Exercise inputs Start Marker
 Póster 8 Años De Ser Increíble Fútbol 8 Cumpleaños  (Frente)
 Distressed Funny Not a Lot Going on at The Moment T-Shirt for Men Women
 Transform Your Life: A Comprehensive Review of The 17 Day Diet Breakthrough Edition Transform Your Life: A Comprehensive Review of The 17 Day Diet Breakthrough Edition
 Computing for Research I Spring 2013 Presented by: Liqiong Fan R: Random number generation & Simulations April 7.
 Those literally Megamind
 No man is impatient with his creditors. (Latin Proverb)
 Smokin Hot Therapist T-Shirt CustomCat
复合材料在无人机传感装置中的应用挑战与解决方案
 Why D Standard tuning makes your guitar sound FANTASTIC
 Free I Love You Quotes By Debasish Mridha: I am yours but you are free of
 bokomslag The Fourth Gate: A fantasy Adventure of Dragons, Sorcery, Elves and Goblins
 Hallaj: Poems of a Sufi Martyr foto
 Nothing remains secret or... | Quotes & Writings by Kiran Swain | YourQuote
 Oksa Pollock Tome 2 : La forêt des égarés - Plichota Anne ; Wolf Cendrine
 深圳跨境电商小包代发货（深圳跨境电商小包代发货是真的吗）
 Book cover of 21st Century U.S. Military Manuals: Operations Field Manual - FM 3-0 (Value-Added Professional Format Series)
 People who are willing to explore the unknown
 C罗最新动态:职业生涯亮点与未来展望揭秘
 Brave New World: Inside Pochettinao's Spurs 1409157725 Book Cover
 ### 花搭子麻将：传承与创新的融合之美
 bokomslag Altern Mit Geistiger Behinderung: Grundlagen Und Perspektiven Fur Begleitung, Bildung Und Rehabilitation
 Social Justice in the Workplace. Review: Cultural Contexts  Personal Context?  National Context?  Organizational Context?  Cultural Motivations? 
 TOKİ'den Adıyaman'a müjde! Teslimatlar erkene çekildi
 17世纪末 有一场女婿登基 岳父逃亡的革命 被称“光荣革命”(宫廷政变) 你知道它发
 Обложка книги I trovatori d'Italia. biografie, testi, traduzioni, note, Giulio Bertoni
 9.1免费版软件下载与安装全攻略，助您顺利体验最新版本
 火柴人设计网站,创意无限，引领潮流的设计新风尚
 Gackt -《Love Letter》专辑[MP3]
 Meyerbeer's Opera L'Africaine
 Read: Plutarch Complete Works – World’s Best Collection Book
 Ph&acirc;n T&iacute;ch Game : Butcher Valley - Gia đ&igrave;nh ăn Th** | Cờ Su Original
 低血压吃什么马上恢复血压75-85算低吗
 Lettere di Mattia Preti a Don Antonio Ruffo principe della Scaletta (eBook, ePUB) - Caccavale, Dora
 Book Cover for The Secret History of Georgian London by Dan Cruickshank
Exercise inputs End Marker
[Work order]
Please return every line of the records above that contains the word "Love".

[Answer to this exercise]
 Free I Love You Quotes By Debasish Mridha: I am yours but you are free of
 Gackt -《Love Letter》专辑[MP3]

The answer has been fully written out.